Xu Yuanwei, Nash Katrina, Acharjee Animesh, Gkoutos Georgios V
Institute of Cancer and Genomic Sciences, College of Medical and Dental Sciences, University of Birmingham, Birmingham B15 2TT, UK.
NIHR Surgical Reconstruction and Microbiology Research Centre, Birmingham B15 2TT, UK.
Bioinformatics. 2022 Mar 4;38(6):1639-1647. doi: 10.1093/bioinformatics/btab879.
Existing microbiome-based disease prediction relies on the ability of machine learning methods to differentiate disease from healthy subjects based on the observed taxa abundance across samples. Despite numerous microbes have been implicated as potential biomarkers, challenges remain due to not only the statistical nature of microbiome data but also the lack of understanding of microbial interactions which can be indicative of the disease.
We propose CACONET (classification of Compositional-Aware COrrelation NETworks), a computational framework that learns to classify microbial correlation networks and extracts potential signature interactions, taking as input taxa relative abundance across samples and their health status. By using Bayesian compositional-aware correlation inference, a collection of posterior correlation networks can be drawn and used for graph-level classification, thus incorporating uncertainty in the estimates. CACONET then employs a deep learning approach for graph classification, achieving excellent performance metrics by exploiting the correlation structure. We test the framework on both simulated data and a large real-world dataset pertaining to microbiome samples of colorectal cancer (CRC) and healthy subjects, and identify potential network substructure characteristic of CRC microbiota.
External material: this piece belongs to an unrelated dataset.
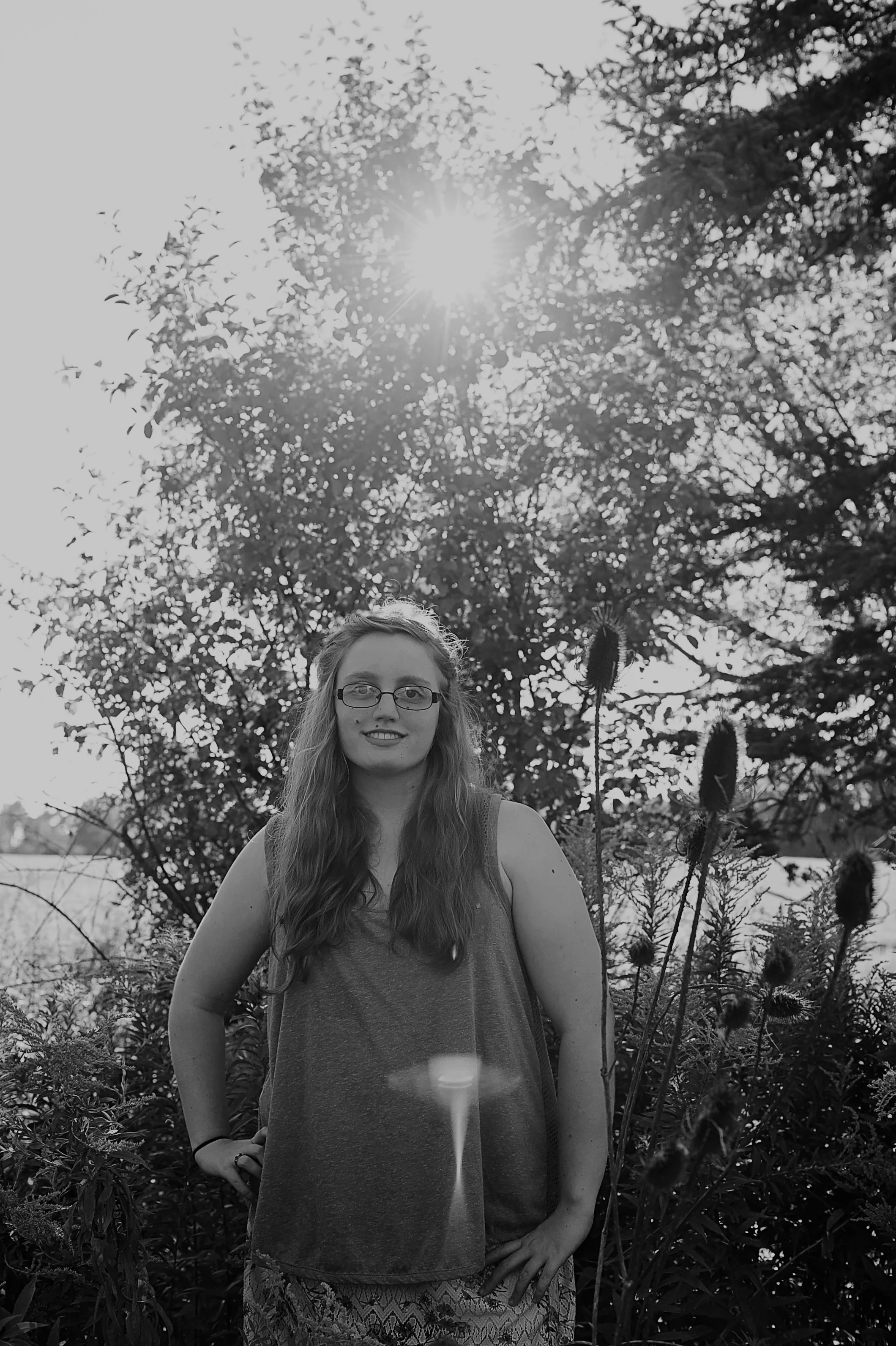 Class of 2017: Mackenna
CACONET is customizable and can be adapted to further improve its utility.
CACONET is available at https://github.com/yuanwxu/corr-net-classify.
Supplementary data are available at Bioinformatics online.
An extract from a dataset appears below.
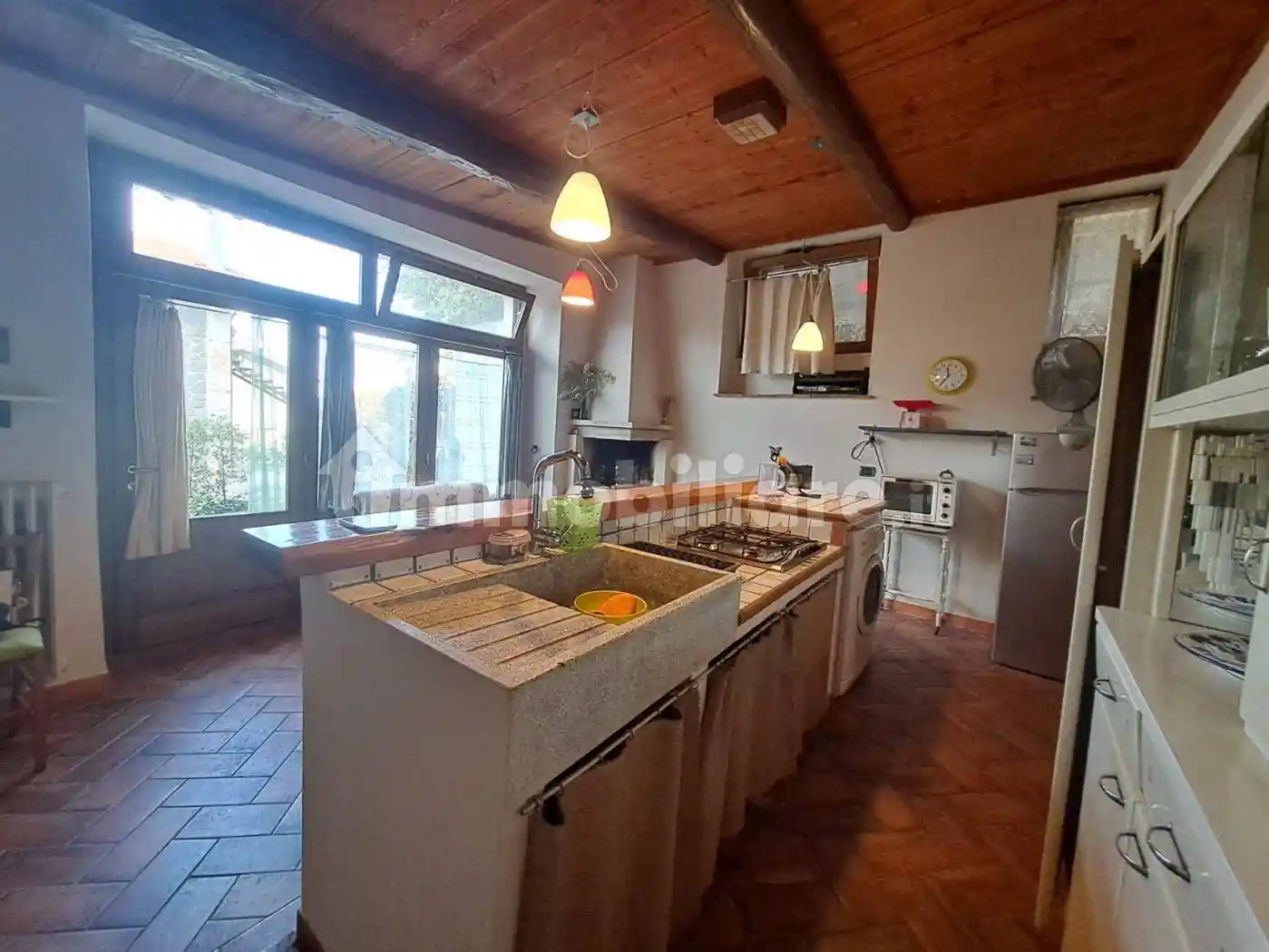 Appartamento in vendita a San Casciano dei Bagni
现有的基于微生物组的疾病预测依赖于机器学习方法根据样本中观察到的分类群丰度来区分疾病与健康受试者的能力。尽管有许多微生物被认为是潜在的生物标志物,但由于微生物组数据的统计性质以及对可能指示疾病的微生物相互作用缺乏了解,挑战依然存在。
我们提出了CACONET(成分感知相关网络分类法),这是一个计算框架,它以样本中的分类群相对丰度及其健康状态作为输入,学习对微生物相关网络进行分类并提取潜在的特征相互作用。通过使用贝叶斯成分感知相关推理,可以绘制一组后验相关网络并将其用于图级分类,从而在估计中纳入不确定性。然后,CACONET采用深度学习方法进行图分类,通过利用相关结构实现了出色的性能指标。我们在模拟数据以及与结直肠癌(CRC)和健康受试者的微生物组样本相关的大型真实世界数据集上测试了该框架,并确定了CRC微生物群潜在的网络子结构特征。CACONET是可定制的,可以进行调整以进一步提高其效用。
CACONET可在https://github.com/yuanwxu/corr-net-classify获取。
补充数据可在《生物信息学》在线获取。